Visiting the Paikuli Tower Built by the Sasanian King Narseh

While I was photographing two large blocks at the main hall of the Sulaymaniyah Museum, I read that these blocks were part of the Sassaniantower of Paikuli. “Paikuli”(Arabic: بيكولي; Kurdish: په يكولي): a new name to me! I went home and surfed the net trying to find out what this tower represents. After getting the information, I phoned Mr. Hashim Hama Abdullah, the director of the museum. “Please, guide me on how to get there,” I asked him. He replied positively.

It was a very sunny and hot day in mid-summer, and it was a holiday. I took a relative of mine, who resides near Lake Darbandikhan (Arabic: دربندخان; Kurdish ده ربنديخان), about 80 km south to the city of Sulaymaniyah. We drove south through Bani Khellan (Arabic: باني خيلان; Kurdish: باني خيلان) and then turned west to the foot of Paikuli pass to reach Barkal village (latitude 35° 5’53.91″N; longitude 45°35’25.95″E). The latter lies very near to the ruins of the Paikuli Tower. The ruins can be seen on a hill at the right side of our road.

I used my car to ascend to the top of the hill through a narrow path. A mountainous range looks over the hill. At last, here it is!

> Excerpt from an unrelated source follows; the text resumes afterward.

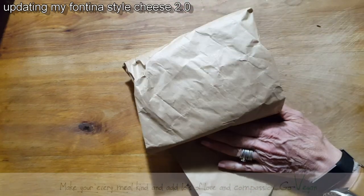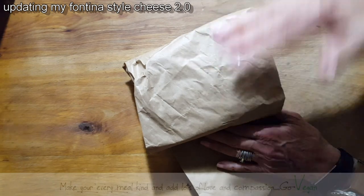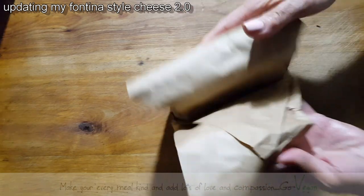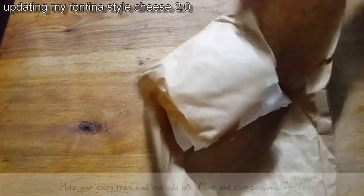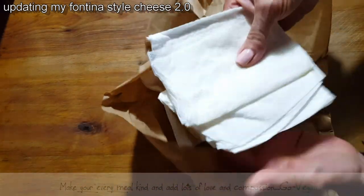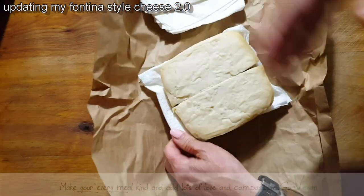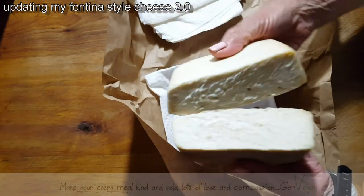Someone asked me how often do I change the paper inside. Well, as you can tell, I haven't touched the paper inside because it's still sealed the way I put it in the fridge. Here is my cheese so far. The paper is nice and wet — not too wet, but nice and wet.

Let the time machine take us back. In the year 293 CE, Narseh (also written Narses), brother of the Sassanian king Warham II (also written Barham II) and son of King Shapur I, was in Armenia, very far away from the Sassanian capital of Ctesiphon. In the same year, Warham II died and his son, Warham III, succeeded him and reigned only for few months. Several nobles and notables considered Warham III too weak to rule the Sassanian Empire and supported his grand-uncle, Narseh, in ascending the throne.

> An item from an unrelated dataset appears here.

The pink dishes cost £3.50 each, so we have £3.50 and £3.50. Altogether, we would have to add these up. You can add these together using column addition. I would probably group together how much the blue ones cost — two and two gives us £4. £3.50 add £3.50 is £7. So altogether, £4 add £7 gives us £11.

Narseh marched back and revolted against Warham III and finally killed his nephew. Narseh then became the seventh Sassanian king.

Approximate location of the Paikuli Tower (click to see on Google Maps).
On the top of this hill, about 1,700 years ago, those Iranian nobles and notables were waiting for the arrival of Narseh (from Armenia) to swear their loyalty and confirm their support. In commemoration of this turbulent time, Narseh built a square-shaped tower on this place (this hilltop), which was part of the border of Asorestan. Narseh documented the event on two sides of the tower, using the Parthian language on one side and the middle Persian language on the other. The two versions of the inscriptions were almost identical. The inscription generally narrates what had happened in two parts; the first part was the circumstances of the war and ascent to power, while the second mentions the names of the nobles and notables who backed up Narseh.